The first article I ever published alone in a newspaper concerned gothic subculture. When I was a boy, goths were everywhere, pale people wrapped in billowing black trench-coats. They were easy to mock. A female friend once waspishly commented that girls dressed gothic style sent mixed messages: from the neck up, it was "I am a bride of death", from the neck down, “yes please, another cheeseburger and a diet coke". True enough, but not devastating, because having an unattainable ideal was the point. Goths were trying to inhabit an imaginary version of 18th century occultism, one where alchemy and secrecy and magic and mystery were all that they at one time seemed to be.

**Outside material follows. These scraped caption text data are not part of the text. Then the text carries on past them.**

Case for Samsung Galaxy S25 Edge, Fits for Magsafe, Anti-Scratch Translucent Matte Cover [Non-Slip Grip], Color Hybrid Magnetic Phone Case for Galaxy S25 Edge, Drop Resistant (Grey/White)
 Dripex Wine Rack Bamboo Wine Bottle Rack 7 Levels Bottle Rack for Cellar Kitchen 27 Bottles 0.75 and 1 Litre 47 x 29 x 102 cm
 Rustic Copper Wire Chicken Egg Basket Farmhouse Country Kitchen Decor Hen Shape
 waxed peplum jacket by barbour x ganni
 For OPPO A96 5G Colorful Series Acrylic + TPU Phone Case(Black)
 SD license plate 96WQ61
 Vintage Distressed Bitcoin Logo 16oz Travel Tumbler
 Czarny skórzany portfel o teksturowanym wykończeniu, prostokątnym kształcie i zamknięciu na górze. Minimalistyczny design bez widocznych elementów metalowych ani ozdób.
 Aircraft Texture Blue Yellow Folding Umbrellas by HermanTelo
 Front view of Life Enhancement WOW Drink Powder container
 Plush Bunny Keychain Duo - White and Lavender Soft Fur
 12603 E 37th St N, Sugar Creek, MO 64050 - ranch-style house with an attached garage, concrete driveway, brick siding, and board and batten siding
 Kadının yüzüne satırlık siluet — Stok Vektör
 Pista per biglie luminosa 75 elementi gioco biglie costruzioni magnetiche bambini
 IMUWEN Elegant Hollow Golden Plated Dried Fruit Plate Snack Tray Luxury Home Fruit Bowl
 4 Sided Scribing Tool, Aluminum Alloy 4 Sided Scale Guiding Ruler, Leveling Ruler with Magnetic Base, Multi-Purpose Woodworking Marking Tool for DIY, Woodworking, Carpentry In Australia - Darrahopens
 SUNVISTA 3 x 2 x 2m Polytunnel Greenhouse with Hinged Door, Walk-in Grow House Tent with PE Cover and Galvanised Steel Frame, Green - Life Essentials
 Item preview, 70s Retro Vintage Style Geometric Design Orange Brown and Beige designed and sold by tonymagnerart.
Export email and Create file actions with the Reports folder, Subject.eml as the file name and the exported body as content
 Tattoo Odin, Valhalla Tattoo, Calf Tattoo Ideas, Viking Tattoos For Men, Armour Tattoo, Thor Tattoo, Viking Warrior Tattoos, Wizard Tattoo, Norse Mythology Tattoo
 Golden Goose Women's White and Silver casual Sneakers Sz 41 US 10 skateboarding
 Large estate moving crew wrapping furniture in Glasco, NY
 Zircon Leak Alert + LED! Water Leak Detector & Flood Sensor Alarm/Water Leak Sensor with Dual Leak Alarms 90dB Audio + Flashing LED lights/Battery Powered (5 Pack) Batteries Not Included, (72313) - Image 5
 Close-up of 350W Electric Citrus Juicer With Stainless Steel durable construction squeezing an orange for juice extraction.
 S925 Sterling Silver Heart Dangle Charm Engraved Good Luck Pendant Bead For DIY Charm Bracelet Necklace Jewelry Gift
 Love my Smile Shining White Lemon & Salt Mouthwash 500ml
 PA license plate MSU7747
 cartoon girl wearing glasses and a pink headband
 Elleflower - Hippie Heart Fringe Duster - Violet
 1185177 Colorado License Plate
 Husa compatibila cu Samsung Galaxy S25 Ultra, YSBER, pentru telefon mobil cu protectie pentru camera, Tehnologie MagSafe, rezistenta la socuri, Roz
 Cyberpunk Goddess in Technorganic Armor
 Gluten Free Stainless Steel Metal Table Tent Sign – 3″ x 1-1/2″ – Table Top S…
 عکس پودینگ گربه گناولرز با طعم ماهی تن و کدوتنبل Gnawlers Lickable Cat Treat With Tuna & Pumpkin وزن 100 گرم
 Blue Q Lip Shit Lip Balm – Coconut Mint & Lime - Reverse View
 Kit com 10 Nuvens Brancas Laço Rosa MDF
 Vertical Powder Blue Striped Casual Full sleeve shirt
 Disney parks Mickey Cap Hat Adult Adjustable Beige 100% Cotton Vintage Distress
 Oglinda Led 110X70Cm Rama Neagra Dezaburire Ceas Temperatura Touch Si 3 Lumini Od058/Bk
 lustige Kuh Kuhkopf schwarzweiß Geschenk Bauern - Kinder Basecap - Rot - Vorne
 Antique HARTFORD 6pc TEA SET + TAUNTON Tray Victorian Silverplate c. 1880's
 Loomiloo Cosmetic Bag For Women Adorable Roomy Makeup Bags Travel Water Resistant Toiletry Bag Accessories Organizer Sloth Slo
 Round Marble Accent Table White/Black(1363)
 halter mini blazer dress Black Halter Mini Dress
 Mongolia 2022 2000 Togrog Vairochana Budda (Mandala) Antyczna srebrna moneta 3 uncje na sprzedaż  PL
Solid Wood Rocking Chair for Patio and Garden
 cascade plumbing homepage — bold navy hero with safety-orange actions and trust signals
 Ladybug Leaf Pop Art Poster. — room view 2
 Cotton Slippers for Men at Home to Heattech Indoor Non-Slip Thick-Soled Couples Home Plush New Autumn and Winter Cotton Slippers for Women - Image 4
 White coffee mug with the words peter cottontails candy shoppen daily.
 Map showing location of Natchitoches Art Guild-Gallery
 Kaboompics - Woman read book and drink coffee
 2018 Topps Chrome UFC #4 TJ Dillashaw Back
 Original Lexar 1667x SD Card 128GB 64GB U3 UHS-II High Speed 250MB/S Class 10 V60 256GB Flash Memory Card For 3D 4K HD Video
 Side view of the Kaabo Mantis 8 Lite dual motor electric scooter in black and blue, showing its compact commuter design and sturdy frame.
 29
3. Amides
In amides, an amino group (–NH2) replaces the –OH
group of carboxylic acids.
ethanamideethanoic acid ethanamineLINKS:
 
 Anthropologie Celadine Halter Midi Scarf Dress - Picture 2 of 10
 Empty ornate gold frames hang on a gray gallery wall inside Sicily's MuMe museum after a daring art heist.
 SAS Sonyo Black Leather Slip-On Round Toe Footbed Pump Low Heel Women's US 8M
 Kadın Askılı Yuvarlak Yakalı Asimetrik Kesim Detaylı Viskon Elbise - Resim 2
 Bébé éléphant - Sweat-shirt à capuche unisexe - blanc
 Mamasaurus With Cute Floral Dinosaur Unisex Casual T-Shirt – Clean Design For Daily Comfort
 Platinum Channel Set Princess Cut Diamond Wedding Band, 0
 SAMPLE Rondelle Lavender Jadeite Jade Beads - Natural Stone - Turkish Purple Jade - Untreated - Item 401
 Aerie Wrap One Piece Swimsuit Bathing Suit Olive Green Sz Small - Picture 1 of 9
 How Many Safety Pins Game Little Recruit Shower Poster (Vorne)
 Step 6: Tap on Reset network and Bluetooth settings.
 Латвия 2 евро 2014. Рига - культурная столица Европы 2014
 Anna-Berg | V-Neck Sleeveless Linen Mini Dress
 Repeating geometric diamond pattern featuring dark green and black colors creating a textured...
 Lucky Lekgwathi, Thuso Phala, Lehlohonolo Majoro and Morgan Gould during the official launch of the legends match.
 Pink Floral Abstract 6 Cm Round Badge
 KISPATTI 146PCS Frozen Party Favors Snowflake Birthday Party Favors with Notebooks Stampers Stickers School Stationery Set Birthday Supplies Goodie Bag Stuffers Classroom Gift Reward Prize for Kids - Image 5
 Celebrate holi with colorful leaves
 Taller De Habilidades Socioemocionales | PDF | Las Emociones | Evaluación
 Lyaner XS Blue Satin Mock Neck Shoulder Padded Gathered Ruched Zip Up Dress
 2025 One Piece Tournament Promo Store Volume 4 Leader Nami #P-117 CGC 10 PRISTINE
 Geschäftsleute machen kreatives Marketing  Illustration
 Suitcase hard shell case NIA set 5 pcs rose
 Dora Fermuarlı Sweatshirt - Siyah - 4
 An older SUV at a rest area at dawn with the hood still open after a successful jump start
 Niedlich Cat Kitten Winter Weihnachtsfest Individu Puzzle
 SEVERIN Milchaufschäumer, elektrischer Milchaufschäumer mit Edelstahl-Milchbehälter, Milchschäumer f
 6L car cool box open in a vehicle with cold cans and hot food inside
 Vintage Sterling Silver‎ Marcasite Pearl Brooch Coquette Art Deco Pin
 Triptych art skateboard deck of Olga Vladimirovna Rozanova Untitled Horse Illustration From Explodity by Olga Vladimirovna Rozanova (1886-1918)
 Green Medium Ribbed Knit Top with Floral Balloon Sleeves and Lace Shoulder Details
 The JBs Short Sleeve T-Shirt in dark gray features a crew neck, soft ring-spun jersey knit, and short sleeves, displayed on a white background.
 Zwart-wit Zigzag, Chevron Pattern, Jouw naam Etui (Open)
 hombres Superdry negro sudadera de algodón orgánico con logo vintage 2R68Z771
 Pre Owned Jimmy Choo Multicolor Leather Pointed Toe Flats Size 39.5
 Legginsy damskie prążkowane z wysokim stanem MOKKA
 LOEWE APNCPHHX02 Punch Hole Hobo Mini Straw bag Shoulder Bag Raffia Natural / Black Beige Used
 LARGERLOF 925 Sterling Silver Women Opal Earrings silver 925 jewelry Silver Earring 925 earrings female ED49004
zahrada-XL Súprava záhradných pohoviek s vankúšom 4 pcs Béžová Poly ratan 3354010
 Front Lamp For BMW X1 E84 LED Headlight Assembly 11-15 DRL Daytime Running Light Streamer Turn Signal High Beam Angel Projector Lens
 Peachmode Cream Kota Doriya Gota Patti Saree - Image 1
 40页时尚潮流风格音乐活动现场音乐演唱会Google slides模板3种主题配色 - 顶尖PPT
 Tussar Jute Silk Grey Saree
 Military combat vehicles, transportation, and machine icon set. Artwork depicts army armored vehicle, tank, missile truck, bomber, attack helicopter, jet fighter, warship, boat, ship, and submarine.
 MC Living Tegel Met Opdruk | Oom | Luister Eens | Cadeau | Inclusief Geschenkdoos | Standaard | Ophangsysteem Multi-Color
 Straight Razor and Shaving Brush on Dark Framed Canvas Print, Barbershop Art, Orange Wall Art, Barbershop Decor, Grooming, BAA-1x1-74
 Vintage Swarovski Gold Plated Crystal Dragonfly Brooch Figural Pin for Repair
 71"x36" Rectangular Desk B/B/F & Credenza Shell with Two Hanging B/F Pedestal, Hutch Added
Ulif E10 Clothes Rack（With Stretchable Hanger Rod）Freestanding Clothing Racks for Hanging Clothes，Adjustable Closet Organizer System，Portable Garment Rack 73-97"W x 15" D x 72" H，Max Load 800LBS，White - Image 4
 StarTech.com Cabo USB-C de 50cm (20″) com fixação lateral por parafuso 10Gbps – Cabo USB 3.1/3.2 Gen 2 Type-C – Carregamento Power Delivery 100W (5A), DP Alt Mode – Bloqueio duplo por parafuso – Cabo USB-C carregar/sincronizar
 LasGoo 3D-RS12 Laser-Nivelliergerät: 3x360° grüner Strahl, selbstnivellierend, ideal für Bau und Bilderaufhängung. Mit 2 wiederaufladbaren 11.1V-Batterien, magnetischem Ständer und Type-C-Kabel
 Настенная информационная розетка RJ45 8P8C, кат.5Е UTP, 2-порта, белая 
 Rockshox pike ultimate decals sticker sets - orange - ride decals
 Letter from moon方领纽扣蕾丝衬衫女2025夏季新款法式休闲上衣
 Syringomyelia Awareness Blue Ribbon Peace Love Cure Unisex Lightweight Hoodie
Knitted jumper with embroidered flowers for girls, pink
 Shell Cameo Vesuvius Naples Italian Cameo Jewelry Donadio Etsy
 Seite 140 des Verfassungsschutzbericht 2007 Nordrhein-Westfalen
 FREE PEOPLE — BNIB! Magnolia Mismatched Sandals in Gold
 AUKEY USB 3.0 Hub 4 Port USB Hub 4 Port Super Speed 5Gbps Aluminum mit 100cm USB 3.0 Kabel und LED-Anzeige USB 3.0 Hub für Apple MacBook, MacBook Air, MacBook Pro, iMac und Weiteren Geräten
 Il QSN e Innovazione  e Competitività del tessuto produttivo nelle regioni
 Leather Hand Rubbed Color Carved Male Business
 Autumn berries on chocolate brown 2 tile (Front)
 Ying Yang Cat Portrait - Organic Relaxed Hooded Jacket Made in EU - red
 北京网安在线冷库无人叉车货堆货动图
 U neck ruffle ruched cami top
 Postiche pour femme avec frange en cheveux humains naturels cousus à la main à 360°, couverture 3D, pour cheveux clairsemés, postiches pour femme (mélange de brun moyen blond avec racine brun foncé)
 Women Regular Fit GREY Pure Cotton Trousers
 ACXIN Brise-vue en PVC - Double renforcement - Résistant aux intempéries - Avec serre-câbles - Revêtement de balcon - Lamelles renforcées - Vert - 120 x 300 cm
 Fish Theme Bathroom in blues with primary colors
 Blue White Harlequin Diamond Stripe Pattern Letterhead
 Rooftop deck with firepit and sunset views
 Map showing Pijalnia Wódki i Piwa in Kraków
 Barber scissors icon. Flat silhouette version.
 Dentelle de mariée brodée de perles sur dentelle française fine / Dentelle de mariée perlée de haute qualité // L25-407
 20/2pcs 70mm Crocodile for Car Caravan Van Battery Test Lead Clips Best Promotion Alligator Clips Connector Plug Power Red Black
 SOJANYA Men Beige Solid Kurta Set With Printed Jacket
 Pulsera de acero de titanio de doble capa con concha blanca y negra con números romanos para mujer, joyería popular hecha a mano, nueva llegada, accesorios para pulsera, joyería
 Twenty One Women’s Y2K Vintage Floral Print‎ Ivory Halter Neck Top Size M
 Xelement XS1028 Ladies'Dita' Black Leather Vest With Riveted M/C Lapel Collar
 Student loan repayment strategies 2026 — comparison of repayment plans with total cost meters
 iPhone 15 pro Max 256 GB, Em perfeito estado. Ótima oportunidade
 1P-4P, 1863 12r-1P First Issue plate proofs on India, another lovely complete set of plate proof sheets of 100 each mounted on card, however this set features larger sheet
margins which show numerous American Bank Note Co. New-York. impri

Steampunk marks the turn of an age. When I was a student, the 18th century was not only present in goth subculture, it was the backdrop against which one wrote and thought. One aspired to the cautious empiricism, gentle irony and satire of Locke, Voltaire, Diderot, Johnson, and Hume. These were the giants who had somehow given birth to our own 20th century progenitors. But the focus has shifted from the 18th century to the 19th. The past against which my students now define themselves is the colonial past of the 19th century. In their young imaginations, the colonies are, not the culmination of Enlightenment, but a sort of moral dark age, and it is from the evil giants of this time that they imagine themselves descended. In this manicheaen picture, Steampunk is the redemption of the age. Steampunk envisions another 19th century, one where steam-powered engines fulfill every promise, where industrialization does not grind down the human spirit but lifts it to new heights.

No wonder that so many of the traits of the 19th century have returned. Sexual hysteria, along with the belief that women are at all times to be protected from predatory male sexuality. Fastidiously groomed facial hair among males. Cloying social consensus. Whiggish certainty about science. It is worth recalling that the Victorians also thought of themselves as having redeemed their age from an evil past.

I’ll admit, I left my heart in the 18th century. I am reminded of a conversation that is supposed to have occurred between Talleyrand and a young admirer who was to be a diplomat of the 19th century. “I want to talk about politics, and all you talk about is women,” he complained to Talleyrand. “But that is politics,” Talleyrand is supposed to have replied.